*WHAT TO PRODUCE*. Leaving out every picture, please repeat exactly the line that contains "上市公司定增新规，定向增发规定最新消息" and each line after it through the final line below.

*MATERIAL FOR THIS TASK*.
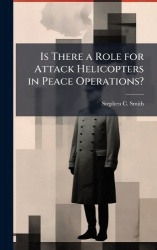 Is There a Role for Attack Helicopters in Peace Operations?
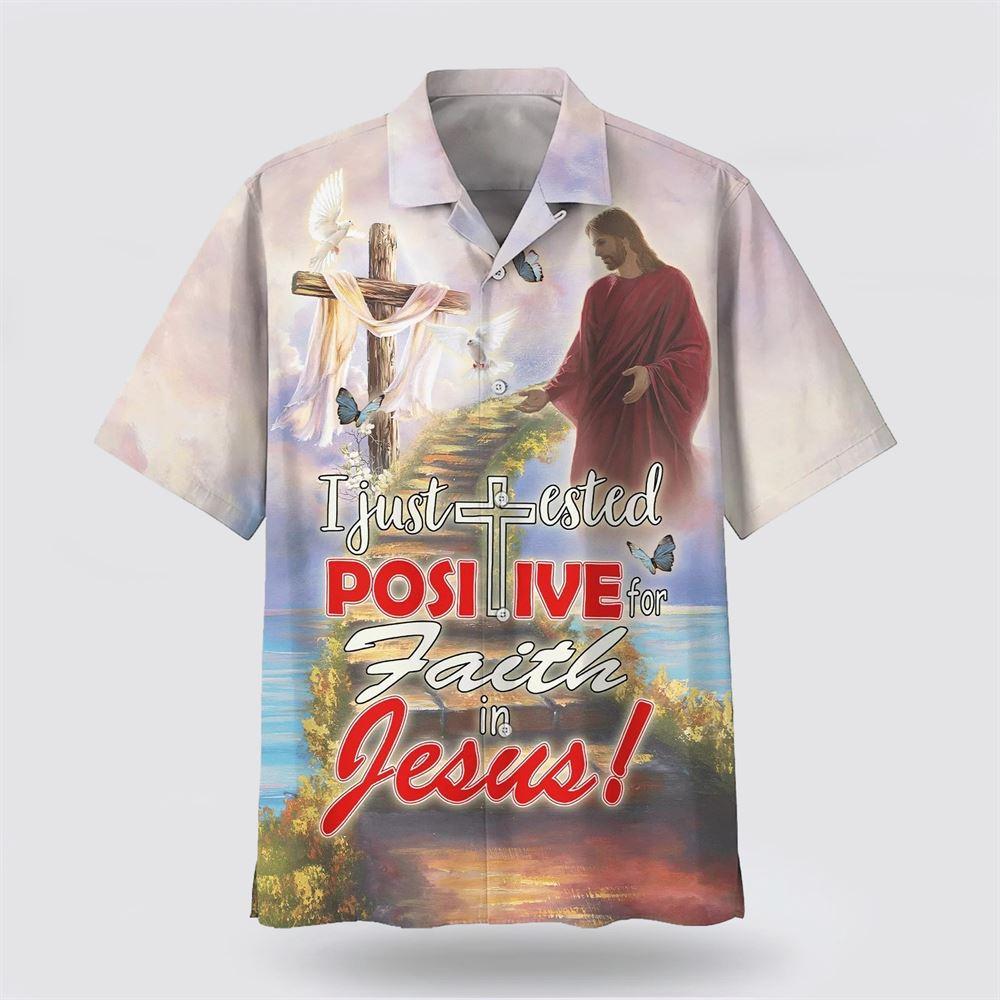 I Just Tested Positive For Faith In Jesus Hawaiian Shirts - Gifts For Christians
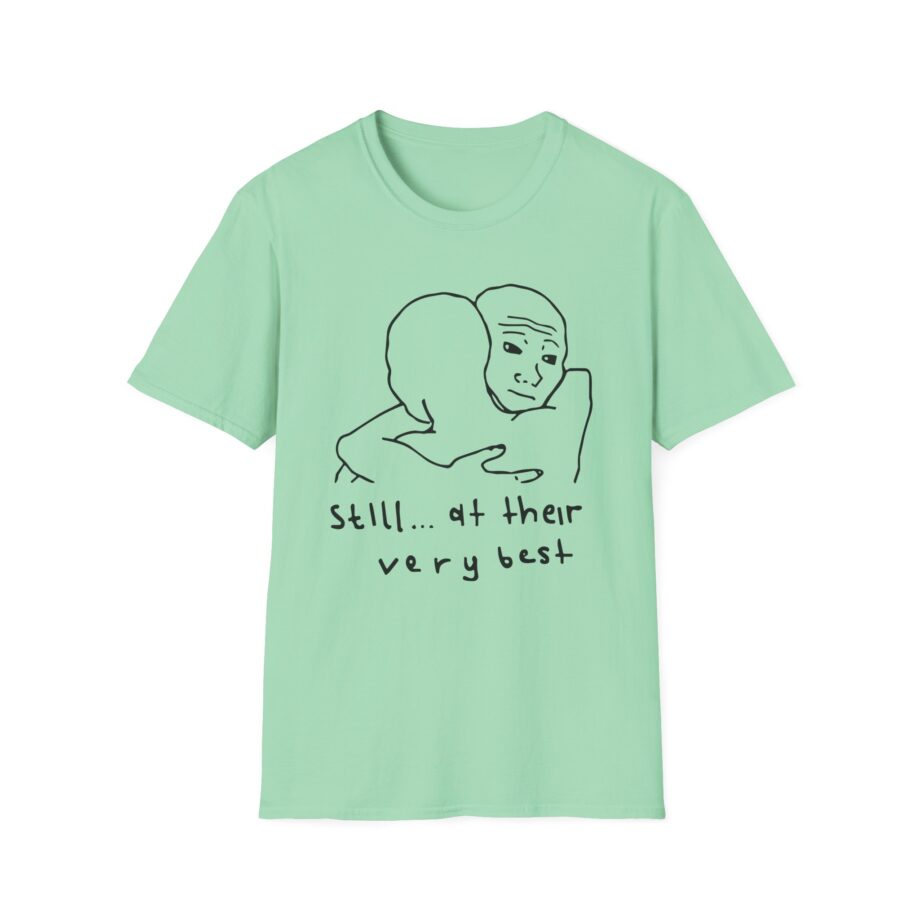 The  Still... At Their Very Best Hug Unisex Softstyle T-shirt
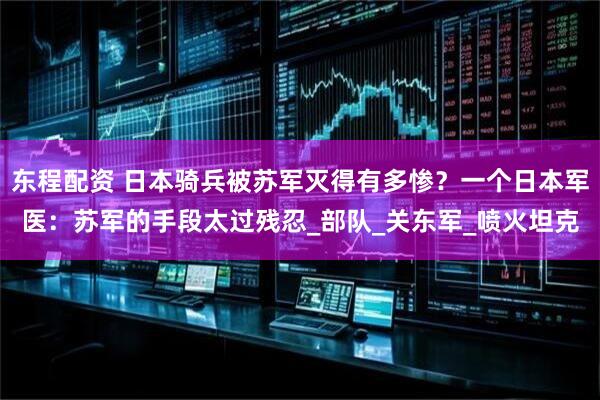 东程配资 日本骑兵被苏军灭得有多惨？一个日本军医：苏军的手段太过残忍_部队_关东军_喷火坦克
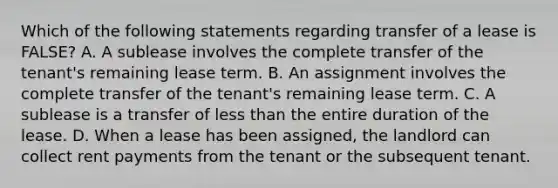 Which of the following statements regarding transfer of a lease is FALSE? A. A sublease involves the complete transfer of the tenant's remaining lease term. B. An assignment involves the complete transfer of the tenant's remaining lease term. C. A sublease is a transfer of less than the entire duration of the lease. D. When a lease has been assigned, the landlord can collect rent payments from the tenant or the subsequent tenant.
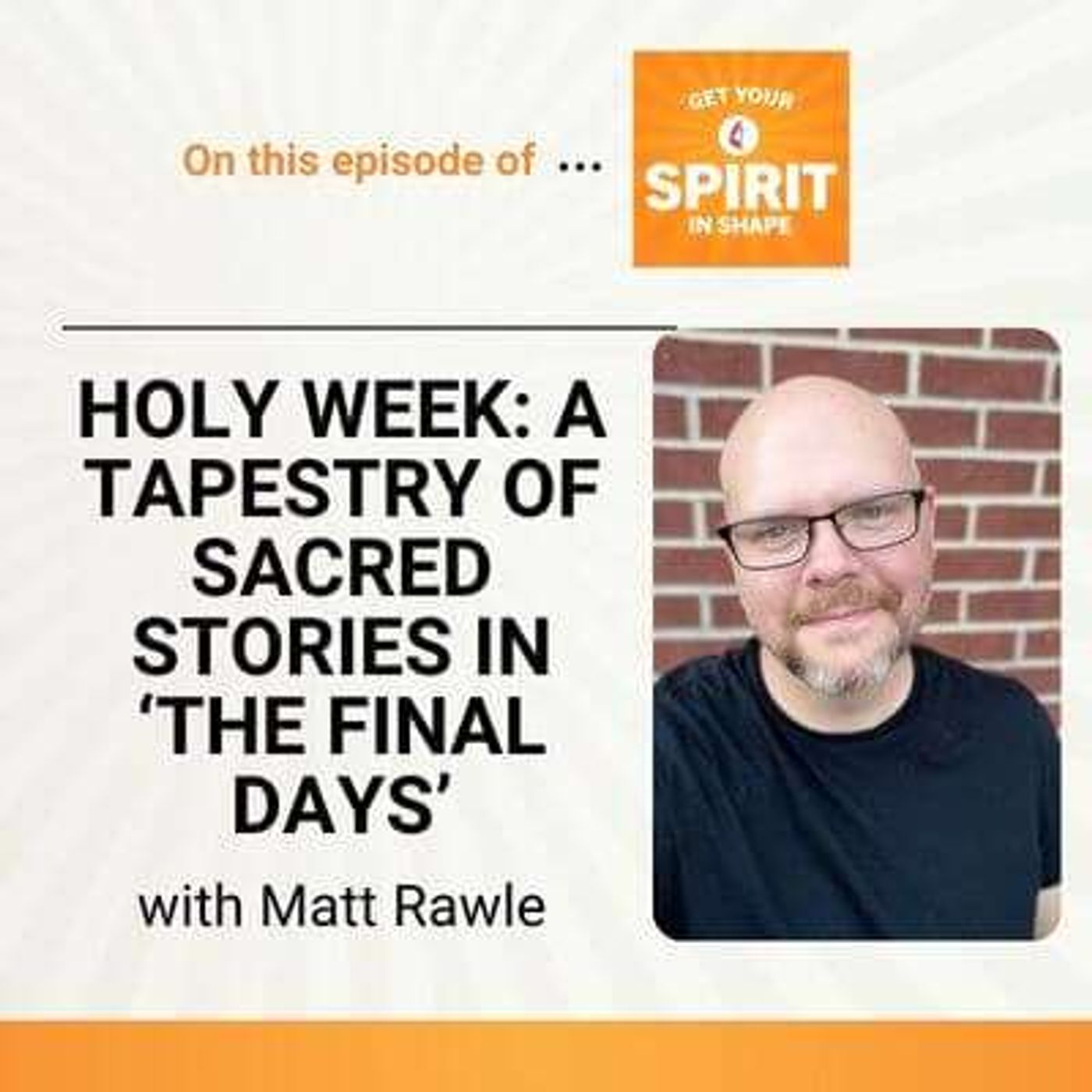 Holy Week: A tapestry of sacred stories in ‘The Final Days’ Holy Week: A tapestry of sacred stories in ‘The Final Days’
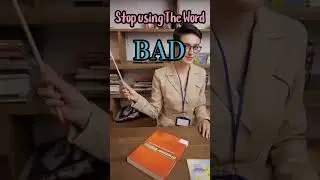 Stop using the word BAD, use these five alternatives and talk like a Native English speaker.🧐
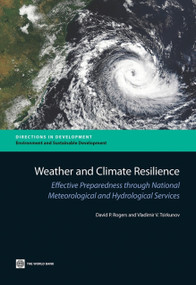Weather and Climate Resilience (Effective Preparedness through National Meteorological and Hydrological Services) by David P. Rogers, Vladimir V. Tsirkunov, 9781464800269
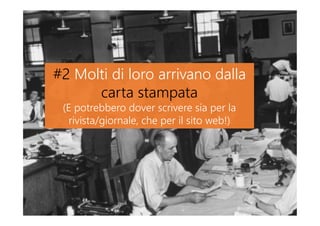 #2 Molti di loro arrivano dalla
carta stampata
(E potrebbero dover scrivere sia per la
rivista/giornale, che per il sito web!)
#2 Molti di loro arrivano dalla
carta stampata
(E potrebbero dover scrivere sia per la
rivista/giornale, che per il sito web!)
 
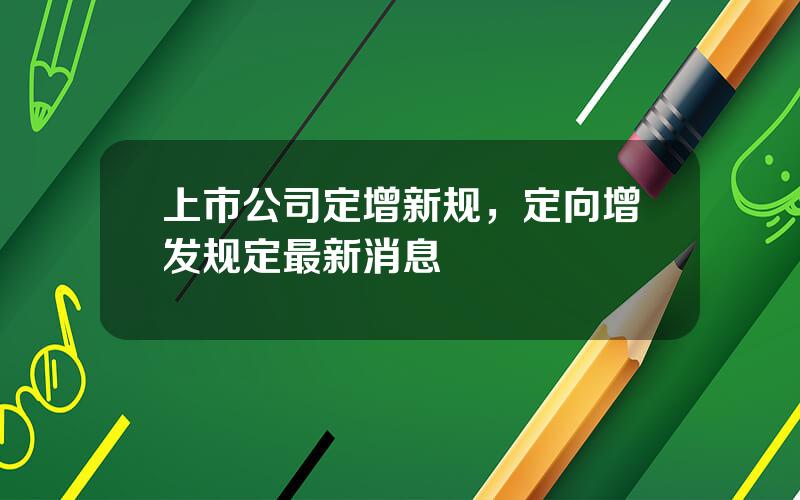 上市公司定增新规，定向增发规定最新消息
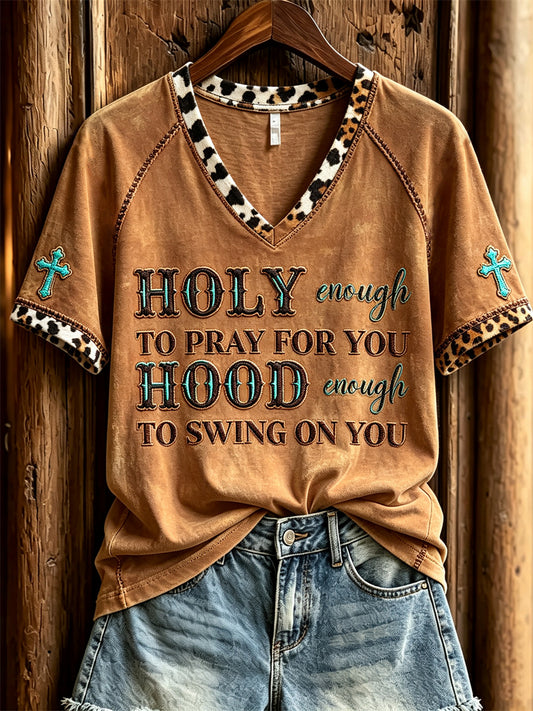 Women's Holy Enough to Pray for You Hood Enough to Swing on You Western Print short-sleeved T-shirt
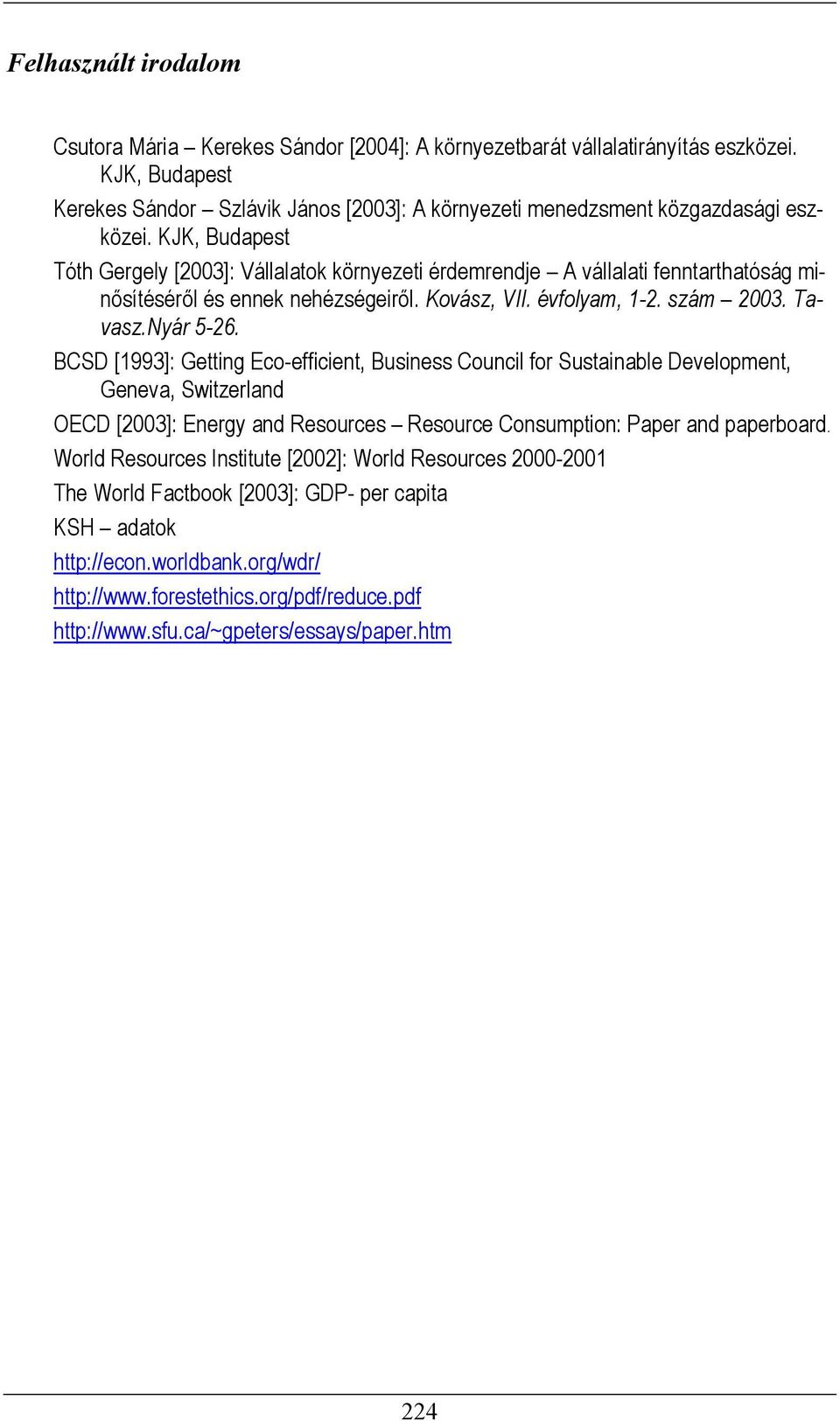 BCSD [1993]: Getting Ec-efficient, Business Cuncil fr Sustainable Develpment, Geneva, Switzerland OECD [2003]: Energy and Resurces Resurce Cnsumptin: Paper and paperbard.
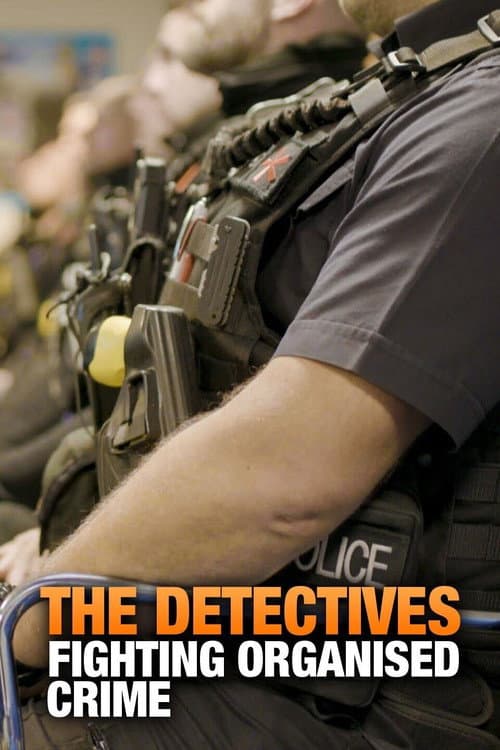The Detectives: Fighting Organised Crime (2021) poster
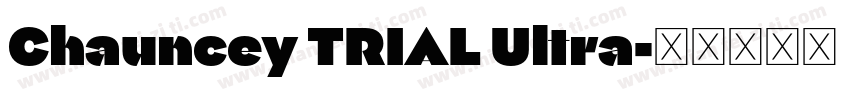 Chauncey TRIAL Ultra字体转换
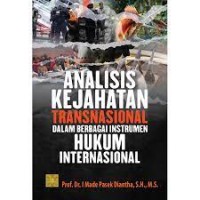 ANALISIS KEJAHATAN TRANSNASIONAL DALAM BERBAGAI INSTRUMEN HUKUM INTERNASIONAL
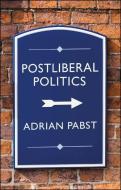 The Post-liberal Moment di Adrian Pabst edito da Polity Press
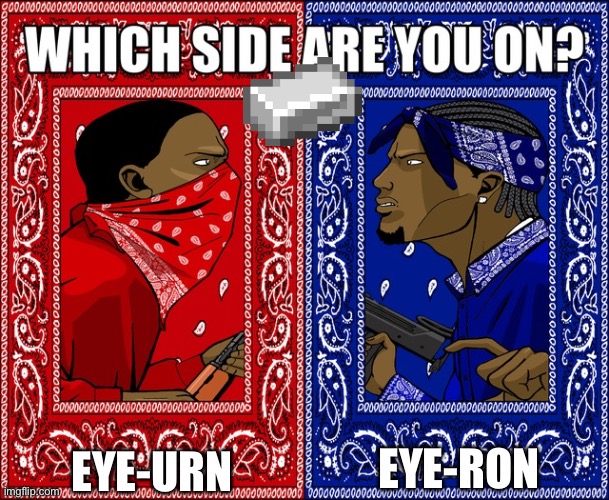 which side are you on | EYE-RON; EYE-URN | image tagged in which side are you on | made w/ Imgflip meme maker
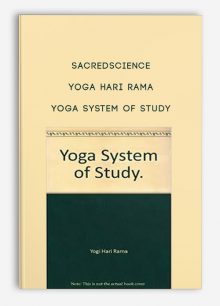 Yoga Hari Rama – Yoga System of Study by Sacredscience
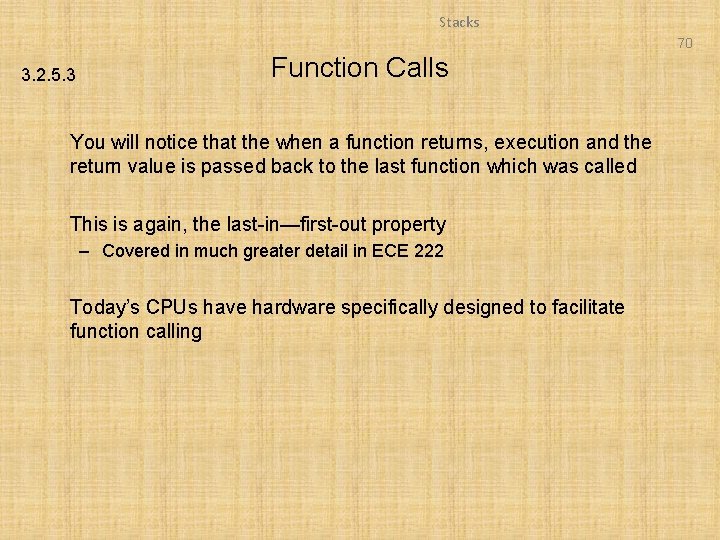Stacks 70 3. 2. 5. 3 Function Calls You will notice that the when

*WRITTEN ANSWER*.
 上市公司定增新规，定向增发规定最新消息
 Women's Holy Enough to Pray for You Hood Enough to Swing on You Western Print short-sleeved T-shirt
 BCSD [1993]: Getting Ec-efficient, Business Cuncil fr Sustainable Develpment, Geneva, Switzerland OECD [2003]: Energy and Resurces Resurce Cnsumptin: Paper and paperbard.
The Detectives: Fighting Organised Crime (2021) poster
 Chauncey TRIAL Ultra字体转换
 ANALISIS KEJAHATAN TRANSNASIONAL DALAM BERBAGAI INSTRUMEN HUKUM INTERNASIONAL
 The Post-liberal Moment di Adrian Pabst edito da Polity Press
 which side are you on | EYE-RON; EYE-URN | image tagged in which side are you on | made w/ Imgflip meme maker
 Yoga Hari Rama – Yoga System of Study by Sacredscience
Stacks 70 3. 2. 5. 3 Function Calls You will notice that the when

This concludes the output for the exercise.